Prehistoric Stone Balls--a Mystery

Hundreds dot the Costa Rican jungle, as baffling as the monuments of Stonehenge.

Lothrops dig

Left: The Lothrops found stone balls in one of the first places they dug. These two had been silted over among boulders; right: Some of the balls, like the one shown here, rested on stone plaforms, showing they werre in their original positions.

Even so, it was a difficult job. We took five circumferences on each of the first two balls. Sometimes I would climb on top of the sphere, sometimes lie on the ground, and occasionally I tried to stand on my head. When the measurements all turned out to vary less than an inch, I decided we had done an awful lot of work for nothing; but Sam seemed pleased. And Armando, one of our workmen, a youth of 22 who was wildly enthusiastic about everything American, said “Okay.” He had mastered two other English phrases: “What’s cooking?” and “Nuts to you,” neither of which he understood.

It was hard to believe that the stone balls could have been manufactured without some mechanical aid, but no instruments of any kind were found to give us a clue.

If the conquering Spaniards ever witnessed the process, which seems unlikely, they made no record of it. As there were no stone quarries in the neighborhood, we asked Armando, who had a life-long knowledge of the surrounding country, whether he had ever seen one.

“Never,” he answered. “There are none anywhere near here.”

“You’re sure?” Sam insisted.

“Sure,” said Armando, and added, “Nuts to you.”

This time, by pure chance, he had picked the right phrase.

Others we asked agreed that there were no quarries within miles, and we ourselves conducted a fruitless search. The balls must therefore have been manufactured at some remote spot, as the rough blocks could never have been moved any distance. The largest ones must have weighed a great many tons.

It is hard enough to imagine how the Indians managed to roll the finished spheres through overgrown jungle and to the tops of adjacent mountains, where some of them have been found.

“In fact, it’s impossible,” I said to Sam. “I believe they are some sort of cosmic phenomenon like meteors. Maybe they dropped from the sky.”

“If so, it’s lucky they didn’t hit anyone,” said Sam without a smile.

“But seriously,” I insisted, “even Man Mountain Dean couldn’t have transported one of these enormous things on dry land. And as for crossing the rivers. . . . ”

Sam interrupted my eloquence and put me in my scientific place. “The Indians undoubtedly built rafts for carrying them over the rivers in the rainy season when the water was deep.”

“But why was it so important to get them here?” I asked. “And why did the Indians bother to make them? It must have taken a man a lifetime just to turn out one, and what could he do with it when it was finished?”

And so, not having done very well with our first problem, we found ourselves up against our second.

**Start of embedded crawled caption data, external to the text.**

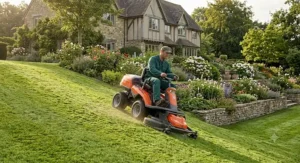 Husqvarna ride on mower with hydrostatic transmission mowing a sloped British garden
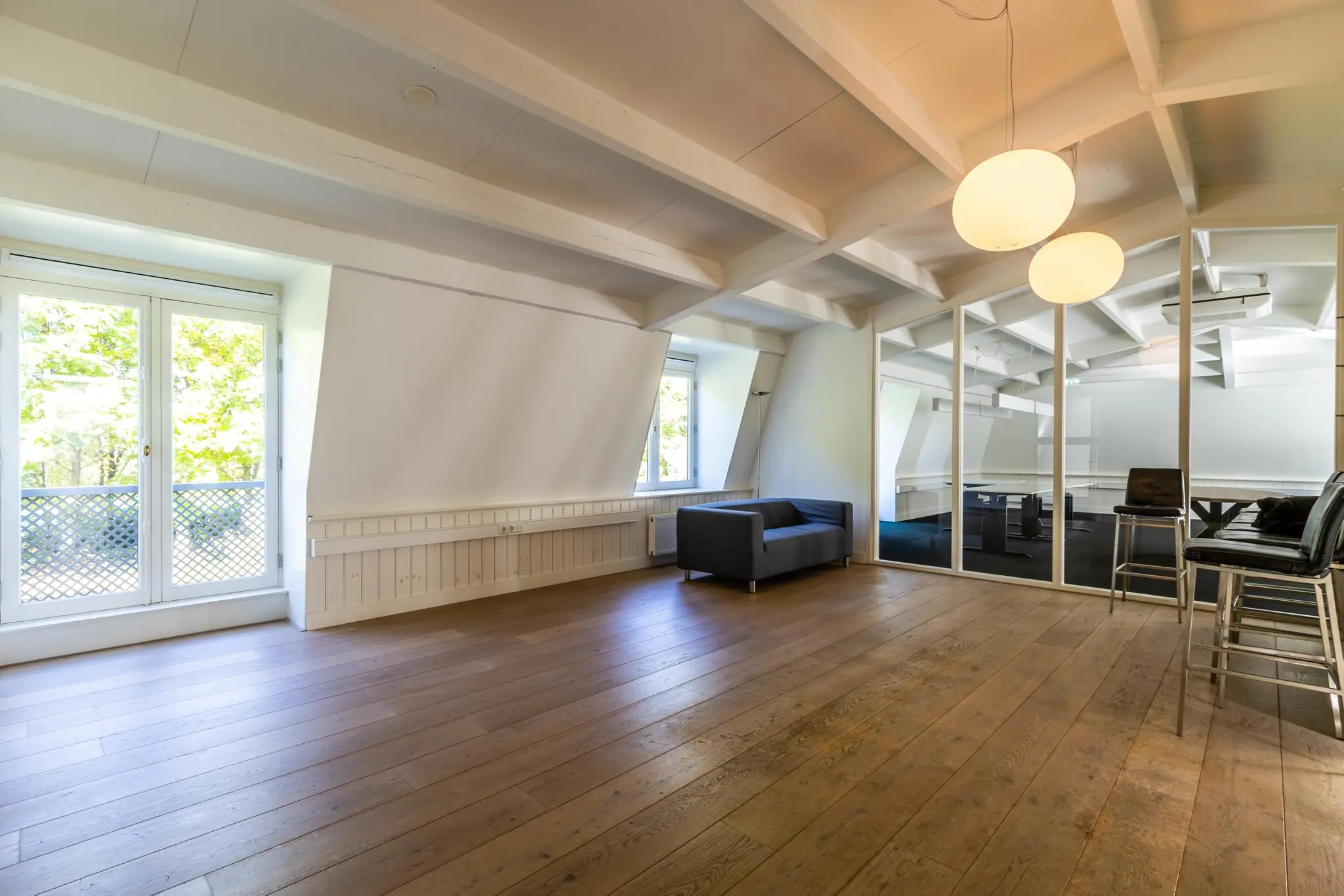 Ruime en lichte zolderkamer aan de Langbroekerdijk met houten vloer, moderne meubels en glazen wand naar vergaderruimte.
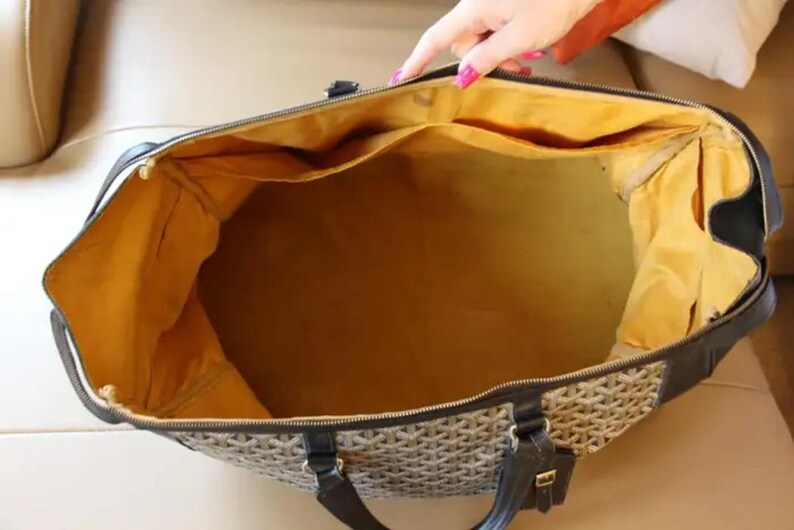 Puede incluir: Una bolsa de viaje vac&iacute;a marr&oacute;n y negra con forro amarillo. La bolsa tiene cierre de cremallera y asa.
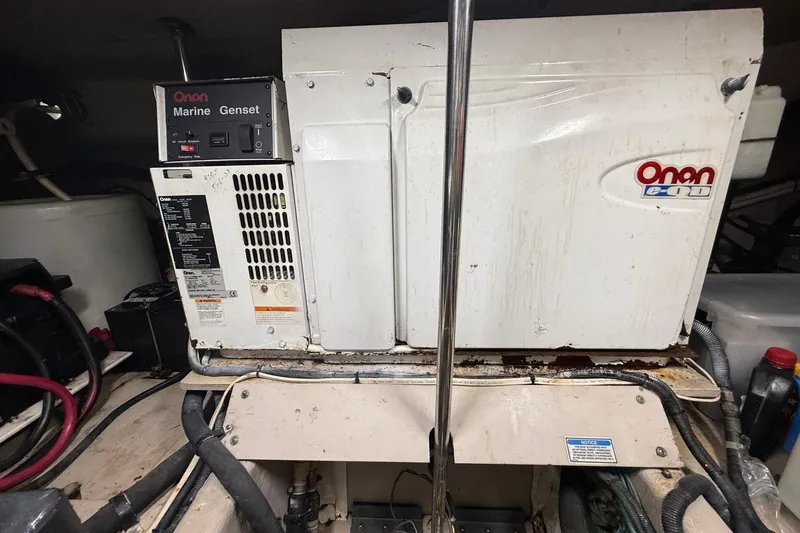 Slide: The Image of Onan marine generator inside a 2004 Sea Ray 550 Sundancer yacht engine room. - 64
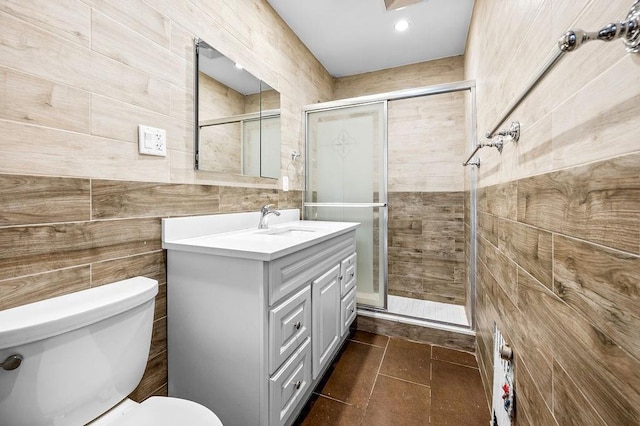 full bath with tile patterned floors, toilet, a stall shower, tile walls, and vanity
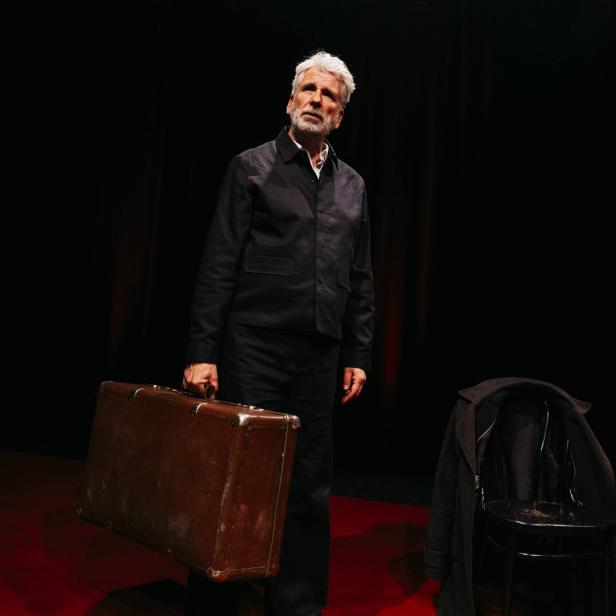 Dirk Stermann hält einen alten Koffer vor schwarzem Hintergrund.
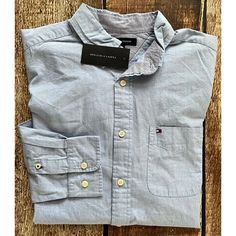 Tommy Hilfiger Chambray Long Sleeve Button Down Shirt Blue Mens Medium New Condition: New With Tags Shipping: One Day Handling. Returns: 30 Day Returns Paid For By Buyer. Honest Seller With Items From A Clean, Smoke Free Home. Thank You For Looking At My Item And Let Me Know If You Have Any Questions. Blue Collared Tommy Hilfiger Shirt, Tommy Hilfiger Blue Collared Shirt, Tommy Hilfiger Cotton Button-up Shirt, Fitted Blue Tommy Hilfiger Shirt, Blue Tommy Hilfiger Button-up Top, Tommy Hilfiger Blue Top For Workwear, Tommy Hilfiger Blue Top For Work, Tommy Hilfiger Casual Shirt With Buttons, Tommy Hilfiger Classic Shirt With Button Closure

The stone balls were obviously of great importance to the people who made them, though they could have had no practical purpose. I spent my time trying to think of every possible use to which they might have been put, even entertaining the notion of games for the kiddies or bowling contests. Some did weigh only a couple of pounds, but most of them would have required an army of men just to set them in place.

“I have come to the conclusion,” I finally pontificated, “that the balls had no useful purpose.” Which of course Sam had known all along.

“Could they have been for decoration?” I asked.